Problem to solve
With the material below, print exactly the lines between the line holding "Xplore Campers Rear" and the line holding "Luminaire suspendu cylindrique", inclusive. Add nothing else.
****
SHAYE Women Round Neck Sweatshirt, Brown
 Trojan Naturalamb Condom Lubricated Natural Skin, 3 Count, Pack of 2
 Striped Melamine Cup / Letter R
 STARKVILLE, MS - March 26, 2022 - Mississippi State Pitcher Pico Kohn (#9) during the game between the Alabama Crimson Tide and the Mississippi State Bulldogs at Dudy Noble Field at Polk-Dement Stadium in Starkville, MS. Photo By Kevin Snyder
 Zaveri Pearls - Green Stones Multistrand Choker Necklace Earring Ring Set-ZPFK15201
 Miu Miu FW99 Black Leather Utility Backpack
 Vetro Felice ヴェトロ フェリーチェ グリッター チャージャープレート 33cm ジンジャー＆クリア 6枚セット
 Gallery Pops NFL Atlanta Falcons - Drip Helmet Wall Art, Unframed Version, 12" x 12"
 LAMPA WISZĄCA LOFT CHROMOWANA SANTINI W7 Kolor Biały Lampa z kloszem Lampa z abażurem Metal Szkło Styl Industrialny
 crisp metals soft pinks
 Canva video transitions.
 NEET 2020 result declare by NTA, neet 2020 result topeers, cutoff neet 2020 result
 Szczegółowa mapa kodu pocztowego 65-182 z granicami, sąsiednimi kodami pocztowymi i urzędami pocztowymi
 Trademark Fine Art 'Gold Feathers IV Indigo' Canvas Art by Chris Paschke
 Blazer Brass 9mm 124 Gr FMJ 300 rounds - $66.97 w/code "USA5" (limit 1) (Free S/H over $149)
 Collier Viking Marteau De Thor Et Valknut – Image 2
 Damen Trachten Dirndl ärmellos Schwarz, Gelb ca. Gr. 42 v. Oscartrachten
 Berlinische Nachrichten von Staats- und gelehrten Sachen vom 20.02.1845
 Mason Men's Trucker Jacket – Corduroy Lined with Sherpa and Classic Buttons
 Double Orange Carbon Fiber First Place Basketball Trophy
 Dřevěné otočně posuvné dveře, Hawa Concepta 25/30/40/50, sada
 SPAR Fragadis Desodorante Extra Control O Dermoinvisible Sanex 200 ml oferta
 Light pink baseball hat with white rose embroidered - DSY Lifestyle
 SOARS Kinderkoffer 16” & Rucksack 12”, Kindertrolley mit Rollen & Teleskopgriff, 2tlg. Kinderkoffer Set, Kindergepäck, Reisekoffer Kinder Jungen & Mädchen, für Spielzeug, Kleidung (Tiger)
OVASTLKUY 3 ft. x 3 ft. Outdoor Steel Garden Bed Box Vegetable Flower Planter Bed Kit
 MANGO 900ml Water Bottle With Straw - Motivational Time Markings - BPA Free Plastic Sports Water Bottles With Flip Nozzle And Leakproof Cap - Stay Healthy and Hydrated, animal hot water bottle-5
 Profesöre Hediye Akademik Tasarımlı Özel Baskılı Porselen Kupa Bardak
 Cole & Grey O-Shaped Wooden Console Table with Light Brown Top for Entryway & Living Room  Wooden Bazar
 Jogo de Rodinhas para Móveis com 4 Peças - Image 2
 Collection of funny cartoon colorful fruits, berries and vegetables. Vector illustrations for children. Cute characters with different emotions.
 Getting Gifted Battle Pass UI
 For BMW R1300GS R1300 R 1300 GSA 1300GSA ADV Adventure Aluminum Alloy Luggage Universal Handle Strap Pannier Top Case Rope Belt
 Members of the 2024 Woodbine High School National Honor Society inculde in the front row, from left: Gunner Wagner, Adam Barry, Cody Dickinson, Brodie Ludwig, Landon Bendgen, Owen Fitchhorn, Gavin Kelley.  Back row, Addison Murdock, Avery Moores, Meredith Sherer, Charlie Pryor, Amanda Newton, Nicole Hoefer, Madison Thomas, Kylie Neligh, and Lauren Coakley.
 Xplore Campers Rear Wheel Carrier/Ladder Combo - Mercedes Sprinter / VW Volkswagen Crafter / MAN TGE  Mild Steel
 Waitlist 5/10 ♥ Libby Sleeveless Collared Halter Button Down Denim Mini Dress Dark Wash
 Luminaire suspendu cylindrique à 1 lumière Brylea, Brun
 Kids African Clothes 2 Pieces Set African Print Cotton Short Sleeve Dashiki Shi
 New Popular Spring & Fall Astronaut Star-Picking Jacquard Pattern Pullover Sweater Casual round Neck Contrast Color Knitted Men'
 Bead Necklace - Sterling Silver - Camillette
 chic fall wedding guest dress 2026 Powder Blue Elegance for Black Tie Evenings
****
Answer section
 Xplore Campers Rear Wheel Carrier/Ladder Combo - Mercedes Sprinter / VW Volkswagen Crafter / MAN TGE  Mild Steel
 Waitlist 5/10 ♥ Libby Sleeveless Collared Halter Button Down Denim Mini Dress Dark Wash
 Luminaire suspendu cylindrique à 1 lumière Brylea, Brun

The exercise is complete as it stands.